------ Collected data ------
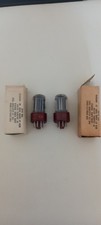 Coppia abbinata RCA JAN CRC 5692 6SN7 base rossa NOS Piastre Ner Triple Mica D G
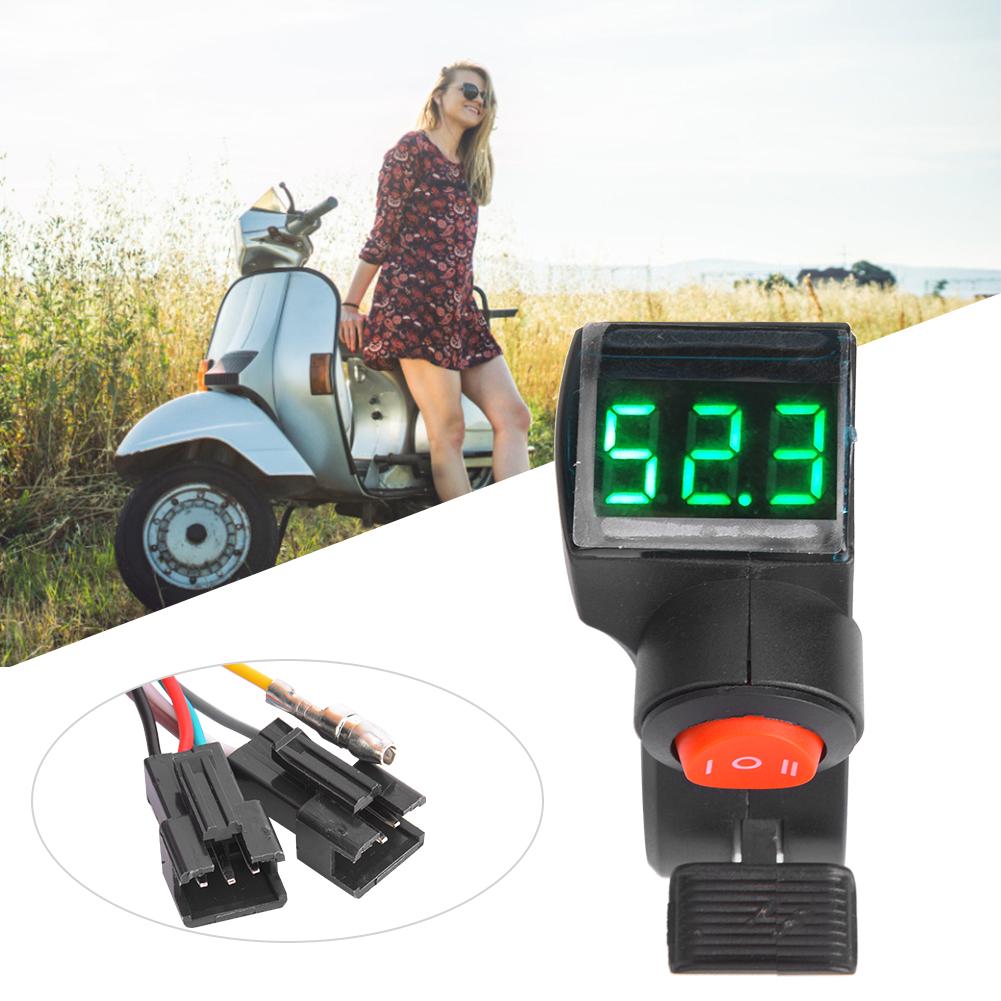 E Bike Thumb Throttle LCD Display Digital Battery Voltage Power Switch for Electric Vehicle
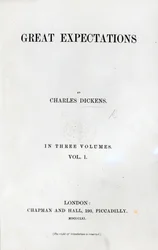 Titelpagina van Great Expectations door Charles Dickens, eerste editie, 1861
------
* _Required work_: Starting with the line that contains "E Bike Thumb" and ending with the last line of the material, every line must be written out exactly; no other lines and no pictures are wanted.

* _Exercise answer_:
 E Bike Thumb Throttle LCD Display Digital Battery Voltage Power Switch for Electric Vehicle
 Titelpagina van Great Expectations door Charles Dickens, eerste editie, 1861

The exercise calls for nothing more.